The other possibility is to help her find a message board that discusses those issues. It is hard to find someone in real life who can give useful feedback AND be discreet with your conversations.


----------



## kag123 (Feb 6, 2012)

I understand your dilemma but really I find the whole thing very sad. 

She has clearly got things going on in her life that take up a lot of her time...both mental and physical. It is quite alienating in a marraige to feel that there is a very large part of your life that you cannot share with your spouse. If she's sharing things with you it's because they are important to her and weighing heavy on her mind and clearly she values your support. In my opinion it would be a shame to completely cut yourself out as an outlet for her. 

Of course I am posting my opinions here based on my own lens, which is biased due to my own situation. In my marraige I have a career that is very consuming. I practice the "leave it at the door" technique and try to keep a separate home life from my work life. However there are times...for example, when the kids are in bed and we talk about our respective day...that I would really like to share with my H what I am actually going through. 

I have made the mistake of doing what your wife does in the beginning of our marraige. My H was very obvious in his disinterest...playing on his phone, turning on the tv, getting up to do something that def didnt need to be done at that moment. I took the hint and shut up. Now when asked how my day was I simply reply "ok, how about yours?" He replies "ok". No further detail is mentioned and he is happy. 

Meanwhile I feel like my H doesnt even know me at all. He doesn't have a clue what I do on a daily basis, the big things that are on my mind, why I make the choices I make, and so on. I internalize it for the moment and choose not to share most of my deeper thoughts with him because I do not want to be boring to him or feel like I am a drag to be around. As someone else mentioned "keep your opinions to yourself if you want to get out of class early" - seriously I would rather never speak about a subject than be made to feel that my H was gritting his teeth and waiting for me to shut up the whole time. 

I think the dilemma I face in my own marraige, and maybe your wife faces too, is that I always believed that my husband was my best friend. To me best friend = confidant, knows me inside and out, there to listen to my deepest thoughts and mutually share their own. I believe my husbands view of best friend = watch a tv show together a few nights a week, eat dinner together, have sex when he wants and mostly be left alone. I dont think either of us are "right" but there is a huge disappointment on my end coming to grips with the reality that I had a huge misunderstanding of what I should have expected out of marraige. Now it feels like I have to reconcile my own needs against what is a reasonable expectation...ferret out all the things that I am clearly not going to get from the marraige...and figure out a new way to meet those needs while keeping the marraige as my top priority and simultaneously not putting any of my hurt onto my H because it's not his fault that I had messed up fairytale ideas that I am just now realizing were naive. 

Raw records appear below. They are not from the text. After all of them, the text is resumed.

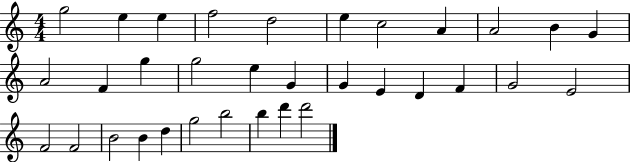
{
  \clef treble
  \numericTimeSignature
  \time 4/4
  \key c \major
  g''2 e''4 e''4 | f''2 d''2 | e''4 c''2 a'4 | a'2 b'4 g'4 | \break a'2 f'4 g''4 | g''2 e''4 g'4 | g'4 e'4 d'4 f'4 | g'2 e'2 | \break f'2 f'2 | b'2 b'4 d''4 | g''2 b''2 | b''4 d'''4 d'''2 | \break \bar "|."
}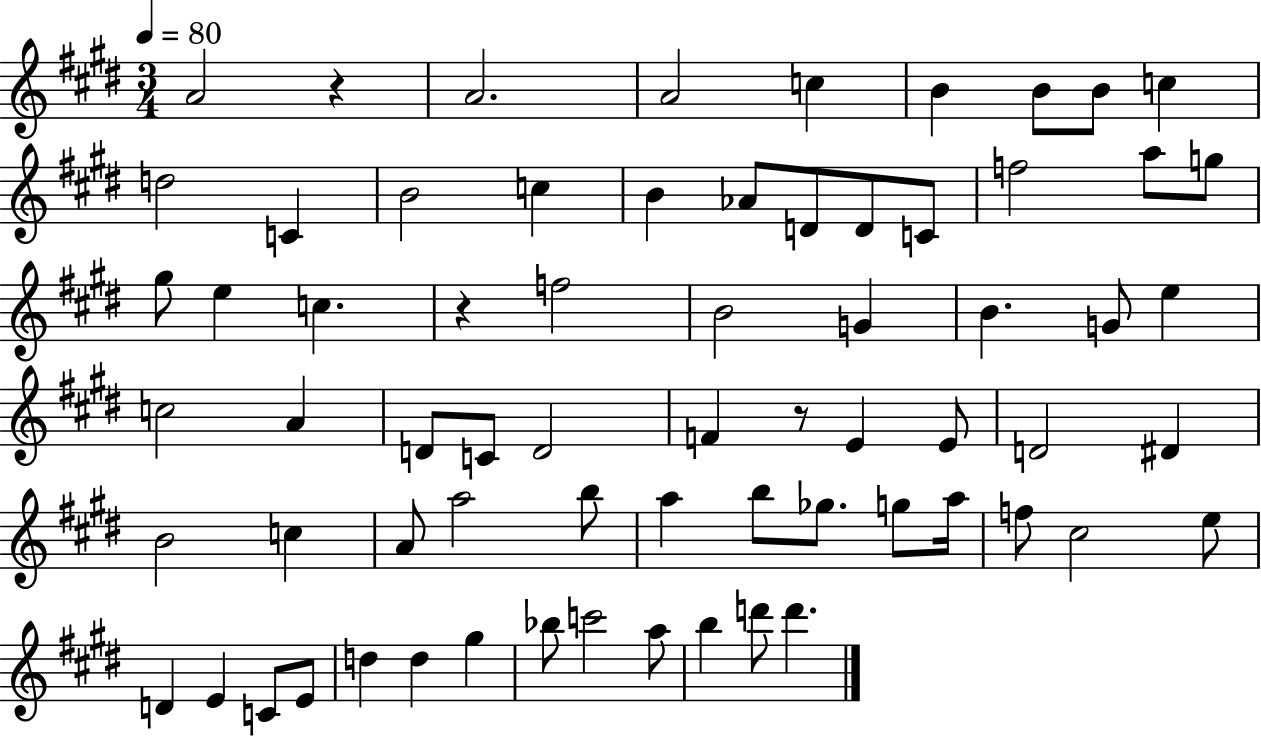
A4/h R/q A4/h. A4/h C5/q B4/q B4/e B4/e C5/q D5/h C4/q B4/h C5/q B4/q Ab4/e D4/e D4/e C4/e F5/h A5/e G5/e G#5/e E5/q C5/q. R/q F5/h B4/h G4/q B4/q. G4/e E5/q C5/h A4/q D4/e C4/e D4/h F4/q R/e E4/q E4/e D4/h D#4/q B4/h C5/q A4/e A5/h B5/e A5/q B5/e Gb5/e. G5/e A5/s F5/e C#5/h E5/e D4/q E4/q C4/e E4/e D5/q D5/q G#5/q Bb5/e C6/h A5/e B5/q D6/e D6/q.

Anyway! Very sorry for hijacking. I just felt it was semi relevant to your topic. Of course I am only guessing at how your wife must feel and could have totally missed the boat. So take my perspective with a grain of salt.


----------



## NextTimeAround (Dec 15, 2011)

kag123 said:


> I understand your dilemma but really I find the whole thing very sad.
> 
> She has clearly got things going on in her life that take up a lot of her time...both mental and physical. It is quite alienating in a marraige to feel that there is a very large part of your life that you cannot share with your spouse. If she's sharing things with you it's because they are important to her and weighing heavy on her mind and clearly she values your support. In my opinion it would be a shame to completely cut yourself out as an outlet for her.
> 
> ...


Yup, encountered the same situation in my failed marriage. This is why I cringe when people say that (verbal) communication is so important in a marriage. 

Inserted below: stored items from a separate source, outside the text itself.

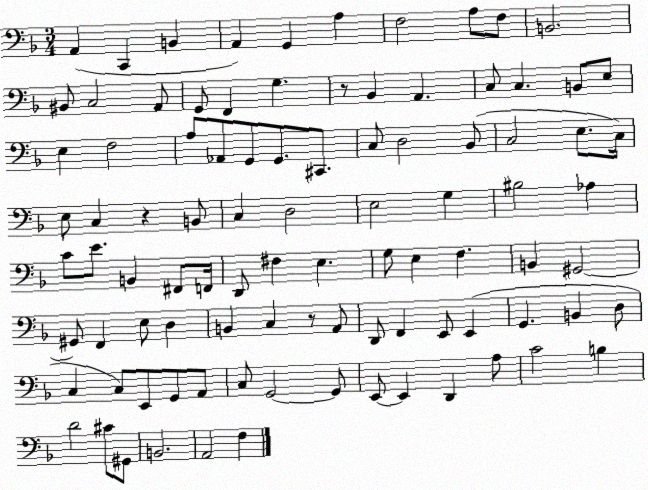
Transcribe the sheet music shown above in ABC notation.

X:1
T:Untitled
M:3/4
L:1/4
K:F
A,, C,, B,, A,, G,, A, F,2 A,/2 F,/2 B,,2 ^B,,/2 C,2 A,,/2 G,,/2 F,, G, z/2 _B,, A,, C,/2 C, B,,/2 E,/2 E, F,2 A,/2 _A,,/2 G,,/2 G,,/2 ^C,,/2 C,/2 D,2 _B,,/2 C,2 E,/2 C,/4 E,/2 C, z B,,/2 C, D,2 E,2 G, ^B,2 _A, C/2 E/2 B,, ^F,,/2 F,,/4 D,,/2 ^F, E, G,/2 E, F, B,, ^G,,2 ^G,,/2 F,, E,/2 D, B,, C, z/2 A,,/2 D,,/2 F,, E,,/2 E,, G,, B,, D,/2 C, C,/2 E,,/2 G,,/2 A,,/2 C,/2 G,,2 G,,/2 E,,/2 E,, D,, A,/2 C2 B, D2 ^C/2 ^G,,/2 B,,2 A,,2 F,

These days, I self edit all the time and know not to disclose every thought in my head. 

Perhaps this is one way to keep the mystery up which is useful for keeping the marriage exciting.


----------



## YupItsMe (Sep 29, 2011)

She needs to grow up and you need to stop engaging into the conversation. 

Change your pattern. 

Listen for a bit and grunt and then grab her ass and flirt with her. Change the subject. Throw a pillow at her. 

Definition of insanity. Doing same thing over and over and expecting a different result.


----------



## ook (Jan 1, 2013)

*Re: Re: Discussing topics I don't care about*



NextTimeAround said:


> The other possibility is to help her find a message board that discusses those issues. It is hard to find someone in real life who can give useful feedback AND be discreet with your conversations.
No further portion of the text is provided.